The success of these systems – over a third of American adults reported using a conversational AI in 2024, with 28% mentioning ChatGPT by name – is, mostly, predicated on the strength of this deception. Chatbots are always-available partners that can, as per OpenAI’s website states, “brainstorm,” “explore ideas” and “partner” with us. They can be attributed “characteristics”. They can address us personally. They have approachable titles of their own (the first of these systems, ChatGPT, is, maybe to the dismay of OpenAI’s advertising team, stuck with the name it had when it went viral, but its biggest alternatives are “Claude”, “Gemini” and “Copilot”).

The deception itself is not the primary issue. Those discussing ChatGPT commonly invoke its early forerunner, the Eliza “counselor” chatbot designed in 1967 that produced a comparable effect. By contemporary measures Eliza was rudimentary: it produced replies via simple heuristics, often paraphrasing questions as a query or making general observations. Memorably, Eliza’s creator, the technology expert Joseph Weizenbaum, was astonished – and alarmed – by how a large number of people appeared to believe Eliza, to some extent, understood them. But what modern chatbots generate is more dangerous than the “Eliza phenomenon”. Eliza only echoed, but ChatGPT intensifies.

The advanced AI systems at the heart of ChatGPT and other current chatbots can convincingly generate natural language only because they have been fed almost inconceivably large volumes of raw text: publications, social media posts, recorded footage; the broader the better. Definitely this training data incorporates accurate information. But it also unavoidably includes fabricated content, incomplete facts and false beliefs. When a user sends ChatGPT a message, the underlying model reviews it as part of a “setting” that includes the user’s previous interactions and its earlier answers, merging it with what’s stored in its learning set to produce a probabilistically plausible reply. This is magnification, not reflection. If the user is incorrect in some way, the model has no method of understanding that. It restates the misconception, perhaps even more persuasively or fluently. Perhaps includes extra information. This can cause a person to develop false beliefs.

Which individuals are at risk? The better question is, who is immune? All of us, irrespective of whether we “possess” current “emotional disorders”, are able to and often form incorrect ideas of ourselves or the environment. The constant exchange of conversations with other people is what keeps us oriented to common perception. ChatGPT is not a human. It is not a friend. A interaction with it is not genuine communication, but a echo chamber in which a great deal of what we communicate is cheerfully validated.

OpenAI has acknowledged this in the same way Altman has recognized “emotional concerns”: by externalizing it, assigning it a term, and announcing it is fixed.
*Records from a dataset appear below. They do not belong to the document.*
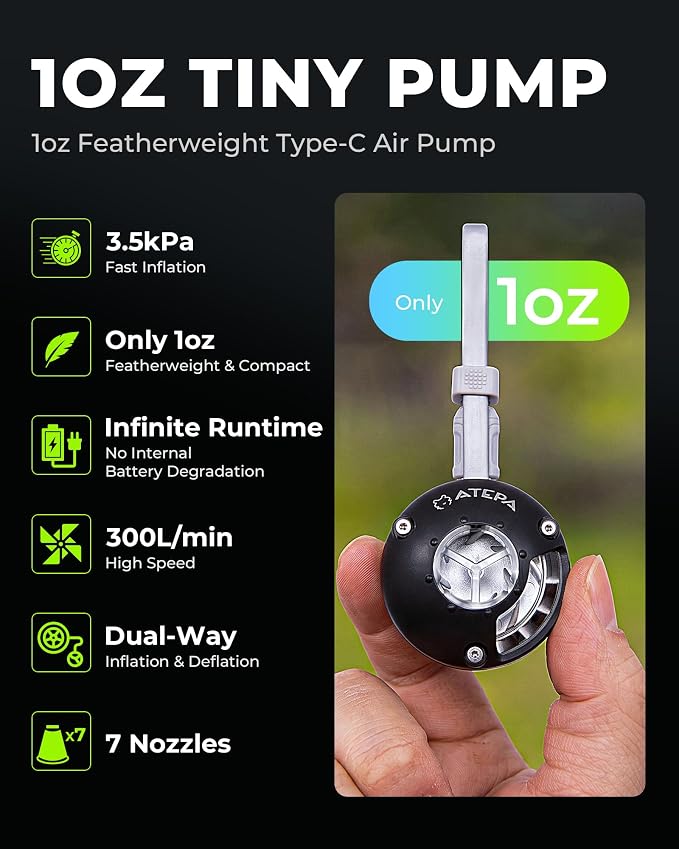 ATEPA Mini Air Pump for Inflatables, Ultra-Light 1oz Portable Air Mattress Pump with 300L/min Fast Inflate Deflate & Type-C Powered Small Air Pump & 7 Nozzles for Camping Backpacking Sleeping Pad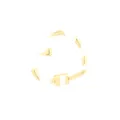 Fermoir à vis cœur plaqué or 18K avec rayures en émail blanc pour la création de bijoux - Style Coeur (P01432)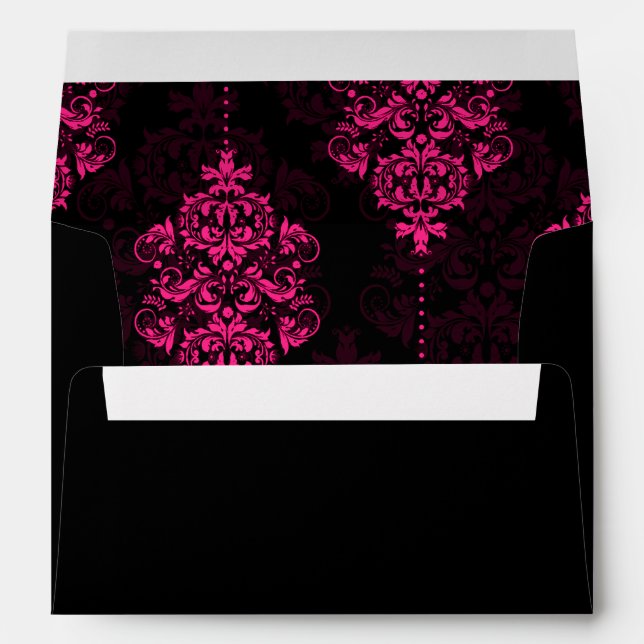 Hot Pink Black Damask Wedding Envelopes (Back (Bottom))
In spring, the firm explained that it was “addressing” ChatGPT’s “overly supportive behavior”. But cases of psychosis have kept occurring, and Altman has been retreating from this position. In late summer he claimed that numerous individuals liked ChatGPT’s responses because they had “not experienced anyone in their life offer them encouragement”. In his latest statement, he mentioned that OpenAI would “launch a new version of ChatGPT … if you want your ChatGPT to respond in a highly personable manner, or use a ton of emoji, or simulate a pal, ChatGPT will perform accordingly”. The {company

Heather Thomas
Heather Thomas

A seasoned productivity consultant with over a decade of experience in optimizing office workflows and technology integration.